### Dataset extract
=== Section Start ===

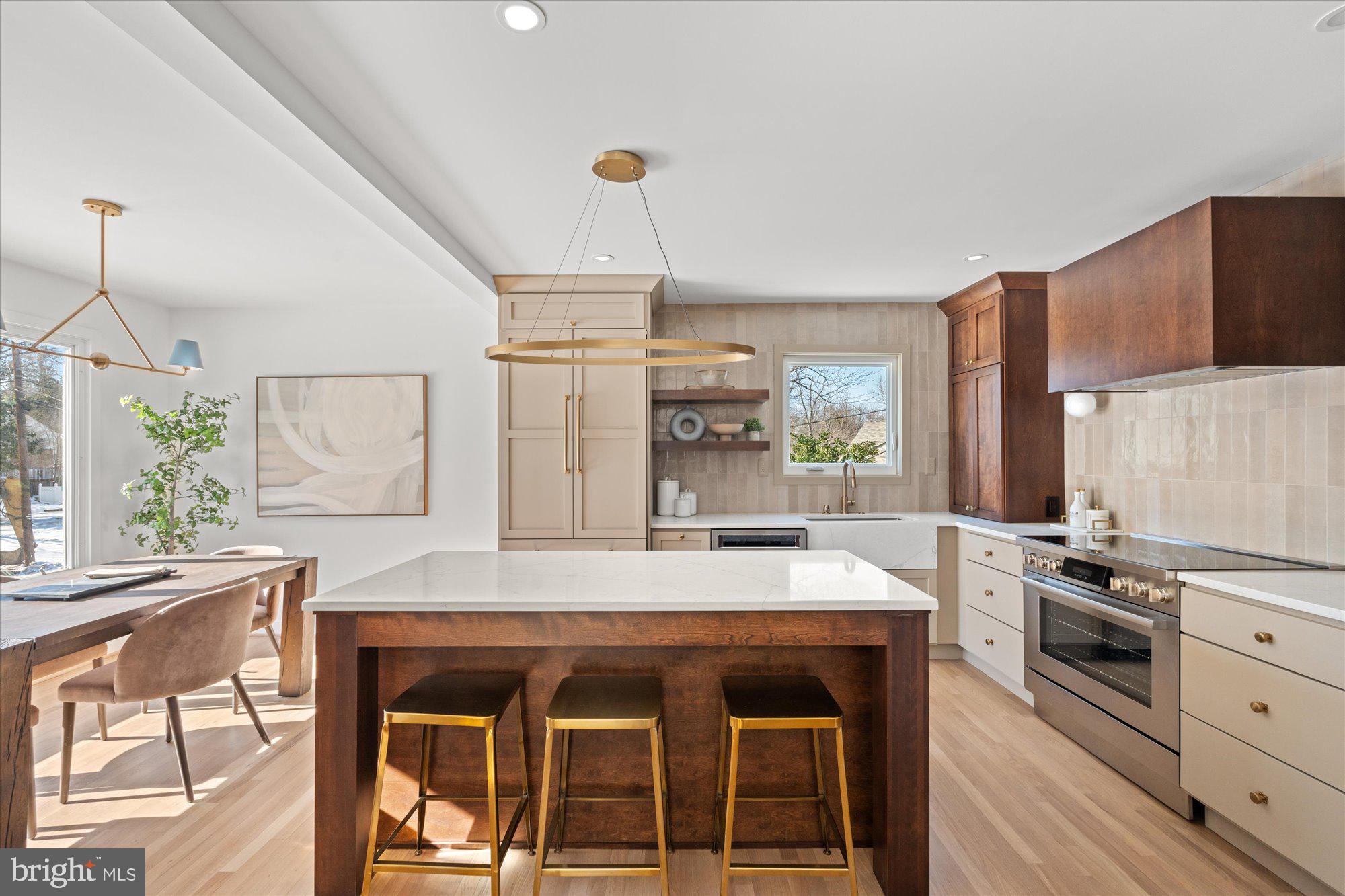 MAPLEWOOD MANOR - Residential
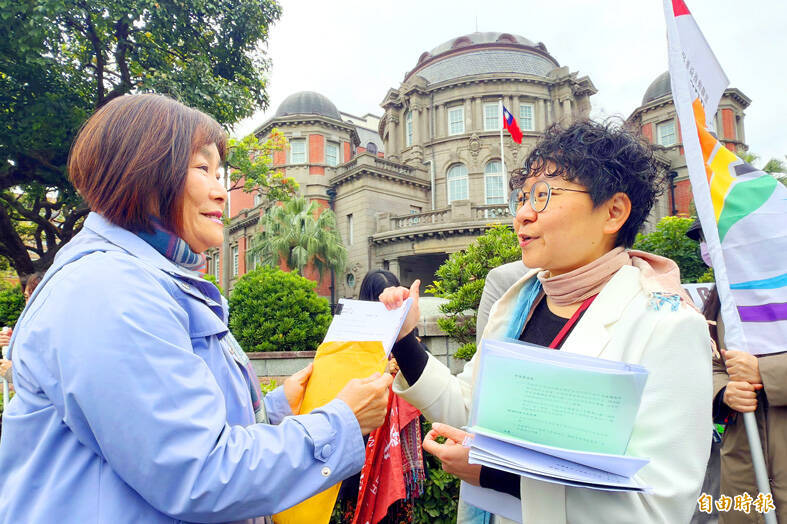 《TAIPEI TIMES》Groups submit trans surgery petition - 焦點 - 自由時報電子報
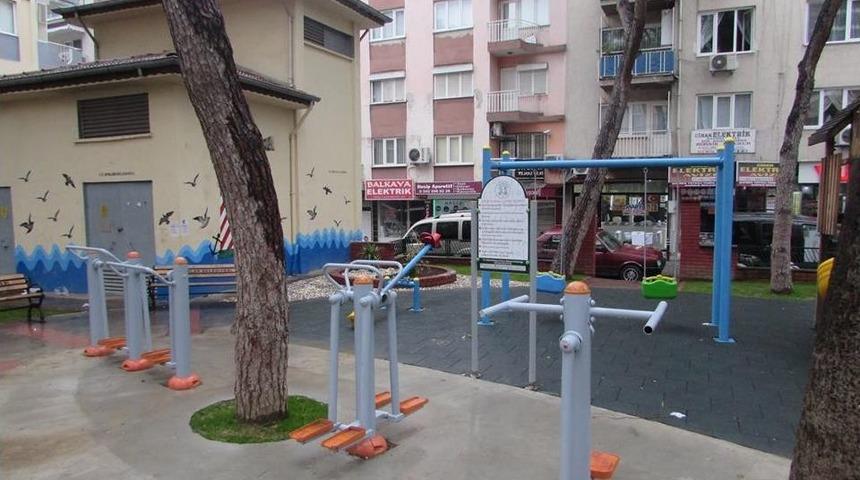 Efeler&rsquo;de Tarık Şeng&uuml;roğlu Parkı Yeniledi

=== Section End ===

### Problem requirements
Would you give the data above again word for word, skipping any images?

### Written solution
 MAPLEWOOD MANOR - Residential
 《TAIPEI TIMES》Groups submit trans surgery petition - 焦點 - 自由時報電子報
 Efeler&rsquo;de Tarık Şeng&uuml;roğlu Parkı Yeniledi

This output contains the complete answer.